Y yo creo que las flechas son la manera más efectiva de demostrar “acción” que podemos usar.

Indican causa y efecto. O pueden indicar unidad.

O pueden indicar interrelación

Es bueno notar que dibujando un cuadrado alrededor de una palabra en el pizarrón usted logra que ésta se destaque de manera especial entre las demás.

Otros métodos que se pueden usar son el escribir la palabra toda con mayúsculas, encerrarla en un círculo o subrayarla.

El pizarrón es sumamente efectivo cuando se usa junto a la presentación oral de un maestro. Debe ser una ayuda y no una interrupción que distrae. No tema escribir mientras habla. Yo creo que algunas personas han enfatizado la momentánea desventaja de dar la espalda a la clase para usar el pizarrón. Por lo general, hay muy poca pérdida en el volumen de la voz, a menos que se use un micrófono. Los pizarrones están hechos de materiales acústicamente reflexivos; y la voz rebota y vuelve a la audiencia. Y hay una considerable ventaja en dar énfasis simultáneamente a los puntos usando el ojo y el oído del oyente.
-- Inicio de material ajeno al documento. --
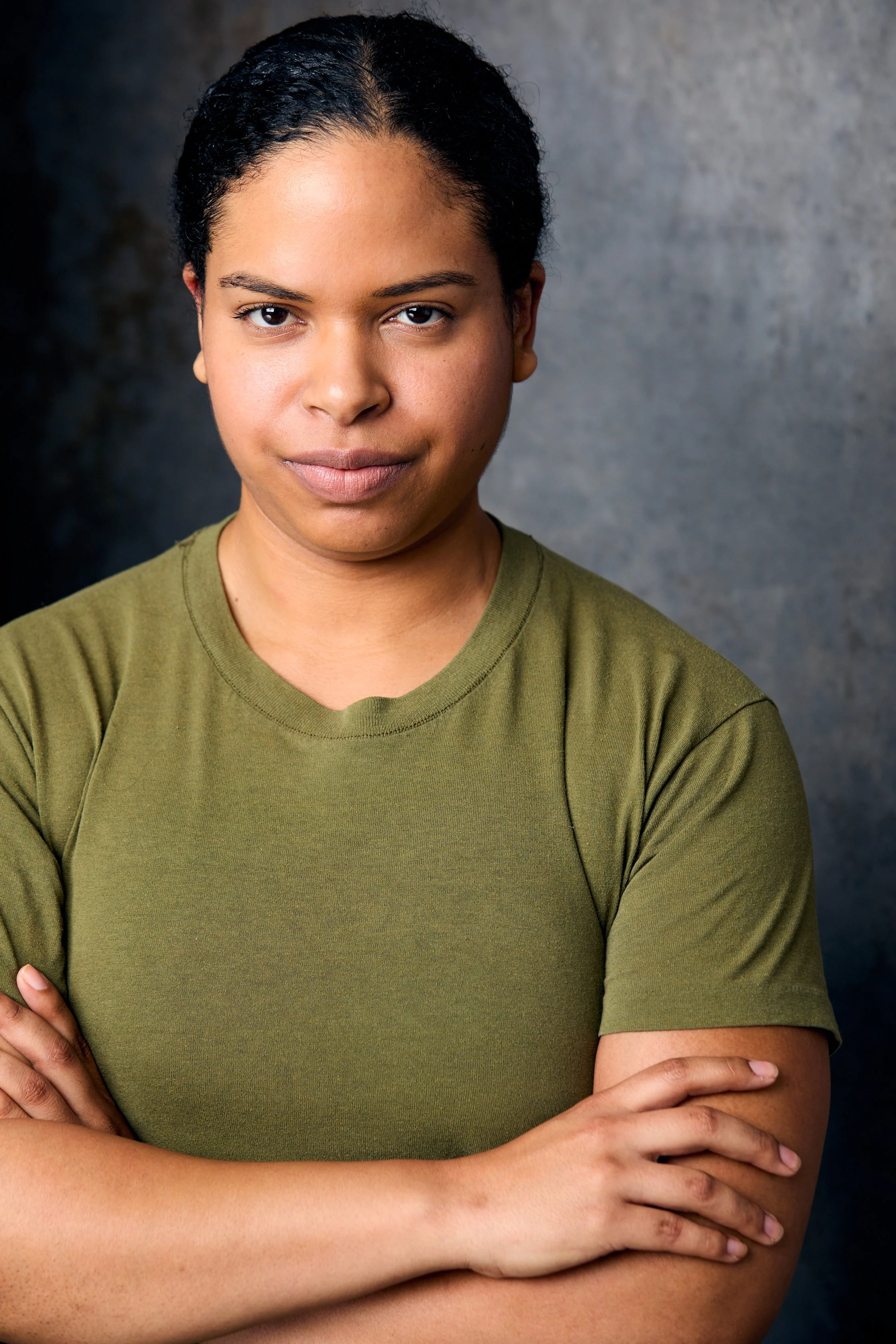 Actress Deanna Rowland. Military headshot by Cameron Radice Photography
Por supuesto, que no se debe escribir en el pizarrón más tiempo del necesario. Vuelva a establecer contacto visual con sus oyentes tan pronto como le sea posible.

Ahora, una palabra en cuanto a usar figuras “de líneas”. Estas figuras representan a individuos y agregan mucho a la efectividad en el uso del pizarrón. Y siempre se ven bien aun cuando uno distorsione sus proporciones. Si le es necesario representar a un grupo de personas, puede dibujarlas incompletas, y de todos modos expresar la idea, como en la ilustración abajo

Para hacerles expresar acción a sus figuras, simplemente cambie la posición de los brazos y las piernas. No se preocupe en dibujar las manos y los dedos.
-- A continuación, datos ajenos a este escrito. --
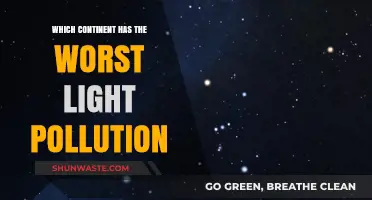 Light Pollution: The Dark Side of Continents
Para usar el pizarrón en forma efectiva es necesario tener el plan de enseñanza bien estudiado y en la mente. Es muy difícil referirse a un libro mientras uno está en el pizarrón. Pero una vez que uno domina la materia que enseña, el pizarrón da más libertad de la que quita. A su mandato, puede ser una representación del cielo y la tierra, un mapa, un gráfico, un bosquejo de secuencia en el tiempo o una escena. Y sus simples y poderosas imágenes le darán nuevo poder a la verdad que enseña.